エネルギーの本当のコスト

池田 信夫

いま国家戦略室がパブリックコメントを求めている「エネルギー・環境に関する選択」にコメントしようと思って、関連の資料も含めて読んだが、あまりにもお粗末なのでやめた。ニューズウィークにも書いたように、3つの「シナリオ」は選択肢として体をなしていない。それぞれの選択のメリットとコストが明示されていないからだ。

zero


特にあきれるのは、この「0%」シナリオである。2030年のGDPは「自然体」(潜在成長率)に対して46兆円(8%)もマイナスになり、98兆円の成長のほぼ半分が吹っ飛ぶにもかかわらず、そのメリットは何も書いてない。意見聴取会で0%を選ぶ人々が7割を超えたのは、いったい何を選択しているのだろうか。

こういう意味不明なシナリオになるのは、エネルギー源の社会的コストを計算しないで、「はじめに脱原発ありき」という気分で考えているからだ。前にも紹介したEU委員会のExtern E調査によれば、健康被害や温暖化などの外部コストは、次の表のように石炭火力が2.55ユーロセント/kWhに対して、原子力は0.25とはるかに低い。


太陽光(PV)の外部コストは0.83と原子力より高く、風力の外部コストは0.16と低いが、運転にかかる直接コストは原子力より高い(OECD調べ)。原子力の直接コストは石炭火力とほぼ同じで、天然ガスが最低だ。
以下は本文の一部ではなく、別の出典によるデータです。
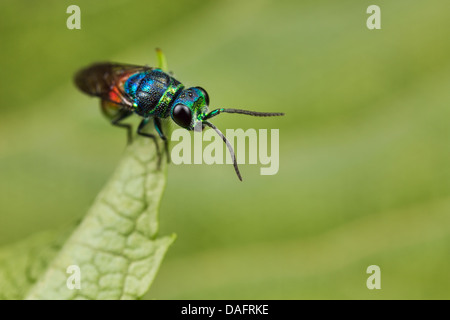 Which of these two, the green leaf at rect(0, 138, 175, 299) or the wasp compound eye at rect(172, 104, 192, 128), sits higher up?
the wasp compound eye at rect(172, 104, 192, 128)

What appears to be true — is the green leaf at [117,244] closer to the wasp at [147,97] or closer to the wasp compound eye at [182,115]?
the wasp at [147,97]

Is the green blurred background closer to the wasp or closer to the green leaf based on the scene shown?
the wasp

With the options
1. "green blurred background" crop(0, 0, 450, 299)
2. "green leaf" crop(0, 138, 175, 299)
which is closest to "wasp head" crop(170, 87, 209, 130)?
"green leaf" crop(0, 138, 175, 299)

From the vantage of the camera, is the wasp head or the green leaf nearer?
the green leaf

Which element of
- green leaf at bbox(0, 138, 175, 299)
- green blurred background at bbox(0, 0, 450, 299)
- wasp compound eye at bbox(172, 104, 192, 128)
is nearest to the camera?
green leaf at bbox(0, 138, 175, 299)

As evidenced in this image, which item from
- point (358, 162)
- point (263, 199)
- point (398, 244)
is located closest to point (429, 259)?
point (398, 244)

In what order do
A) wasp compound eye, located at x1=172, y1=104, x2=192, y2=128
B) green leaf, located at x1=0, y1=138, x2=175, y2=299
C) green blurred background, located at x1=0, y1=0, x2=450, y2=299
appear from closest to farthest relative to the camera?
green leaf, located at x1=0, y1=138, x2=175, y2=299 < wasp compound eye, located at x1=172, y1=104, x2=192, y2=128 < green blurred background, located at x1=0, y1=0, x2=450, y2=299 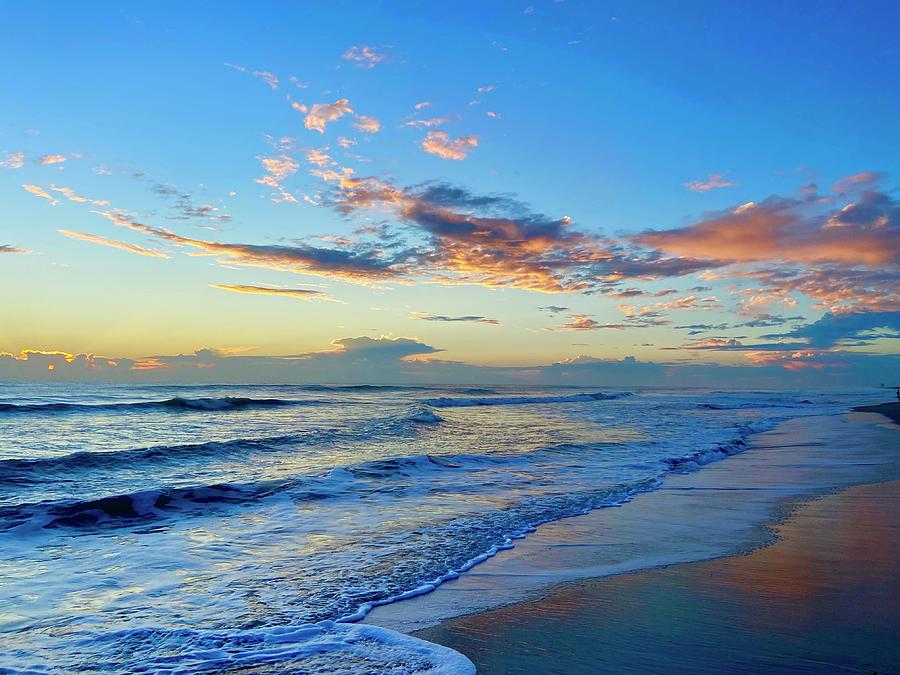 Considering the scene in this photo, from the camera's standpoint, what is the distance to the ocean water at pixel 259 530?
479cm

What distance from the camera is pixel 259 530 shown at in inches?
346

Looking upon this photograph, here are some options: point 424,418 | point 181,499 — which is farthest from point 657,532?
point 424,418

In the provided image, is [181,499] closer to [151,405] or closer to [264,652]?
[264,652]

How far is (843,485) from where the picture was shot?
39.3 feet

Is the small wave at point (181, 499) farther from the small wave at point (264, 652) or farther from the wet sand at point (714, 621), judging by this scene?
the wet sand at point (714, 621)

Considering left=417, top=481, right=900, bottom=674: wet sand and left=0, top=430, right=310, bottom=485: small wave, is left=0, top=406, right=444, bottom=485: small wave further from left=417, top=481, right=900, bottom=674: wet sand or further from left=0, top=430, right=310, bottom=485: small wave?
left=417, top=481, right=900, bottom=674: wet sand

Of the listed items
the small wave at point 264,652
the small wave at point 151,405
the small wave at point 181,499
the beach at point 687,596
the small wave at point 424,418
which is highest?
the beach at point 687,596

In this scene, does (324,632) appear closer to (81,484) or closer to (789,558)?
(789,558)

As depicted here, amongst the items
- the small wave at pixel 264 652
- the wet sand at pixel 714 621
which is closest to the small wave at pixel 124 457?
the small wave at pixel 264 652

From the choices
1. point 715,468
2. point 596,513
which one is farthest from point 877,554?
point 715,468

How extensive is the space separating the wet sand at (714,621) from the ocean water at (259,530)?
0.67 metres

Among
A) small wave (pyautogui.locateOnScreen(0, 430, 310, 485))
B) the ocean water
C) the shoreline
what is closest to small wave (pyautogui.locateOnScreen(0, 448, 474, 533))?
the ocean water

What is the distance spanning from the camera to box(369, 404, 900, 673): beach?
171 inches

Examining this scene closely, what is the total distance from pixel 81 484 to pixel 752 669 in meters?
12.9
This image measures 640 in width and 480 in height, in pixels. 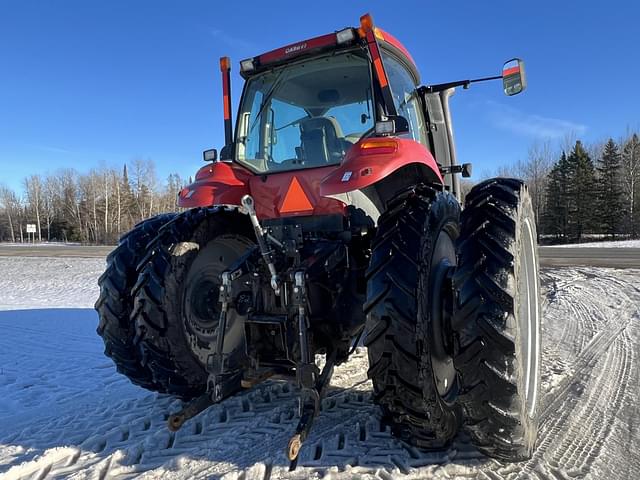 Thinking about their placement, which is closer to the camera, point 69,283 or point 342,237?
point 342,237

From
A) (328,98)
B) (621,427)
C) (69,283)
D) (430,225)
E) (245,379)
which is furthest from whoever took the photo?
(69,283)

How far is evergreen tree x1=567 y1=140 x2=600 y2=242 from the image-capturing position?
4122 centimetres

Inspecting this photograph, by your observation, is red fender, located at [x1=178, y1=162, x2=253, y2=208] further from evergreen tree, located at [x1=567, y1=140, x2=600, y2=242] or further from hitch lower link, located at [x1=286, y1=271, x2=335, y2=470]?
evergreen tree, located at [x1=567, y1=140, x2=600, y2=242]

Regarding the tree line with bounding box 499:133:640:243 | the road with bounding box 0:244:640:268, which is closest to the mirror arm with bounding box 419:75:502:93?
the road with bounding box 0:244:640:268

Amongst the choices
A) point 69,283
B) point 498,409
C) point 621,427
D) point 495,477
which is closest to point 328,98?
point 498,409

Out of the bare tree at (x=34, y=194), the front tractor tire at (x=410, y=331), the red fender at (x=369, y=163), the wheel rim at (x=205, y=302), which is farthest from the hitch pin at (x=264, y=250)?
the bare tree at (x=34, y=194)

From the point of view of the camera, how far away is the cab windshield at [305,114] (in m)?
3.30

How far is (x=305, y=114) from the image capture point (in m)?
3.66

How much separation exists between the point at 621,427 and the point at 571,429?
1.16 ft

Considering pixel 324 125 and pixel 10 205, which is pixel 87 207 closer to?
pixel 10 205

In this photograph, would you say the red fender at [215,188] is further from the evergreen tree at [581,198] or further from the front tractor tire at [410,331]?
the evergreen tree at [581,198]

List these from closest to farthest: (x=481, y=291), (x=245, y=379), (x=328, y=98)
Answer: (x=481, y=291)
(x=245, y=379)
(x=328, y=98)

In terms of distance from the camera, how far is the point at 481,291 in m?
2.06

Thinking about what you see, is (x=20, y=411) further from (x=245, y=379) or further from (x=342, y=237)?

したがって社会的コスト(外部コスト+直接コスト)を計算すると、次のようになる(ミリユーロ/kWh)。

  • 原子力:36.5~61.5

  • ガス:37.2~46.2
  • 石炭:57.5~75.5
  • 風力:68.6~73.6
  • 太陽光:520.3~861.3

直接コストで考えると天然ガスが有利だが、環境への影響や健康被害などの外部コストを合算すると、原子力とガスの社会的コストが最低で、石炭は高い。風力や太陽光のコストはkWhという出力変動を勘案しない指標で見ているので、バックアップ電源として同等の火力が必要で、立地条件が限られているので供給量に制約がある。

原子力の外部コストには、放射線の健康被害も含まれている。これは2003年の数字だが、福島事故を含めてもOECD諸国の死亡事故はゼロである。原子力は採算性(直接コスト)では天然ガスに劣るが、外部コストを炭素税などで内部化すると、おそらく原子力のコストのほうが低いだろう。

これが経済学の標準的な費用便益分析であり、この結論は多くの専門家の常識である。ここでは便益は電力量(kWh)として標準化されているので、上の定量的な結論は日本にもほぼ同様に当てはまると思われる。国家戦略室は、下らない「シナリオ」ではなく、このようにコスト比較を明記した上で選択を問うべきだ。

追記:計算の桁を間違えていたので訂正した。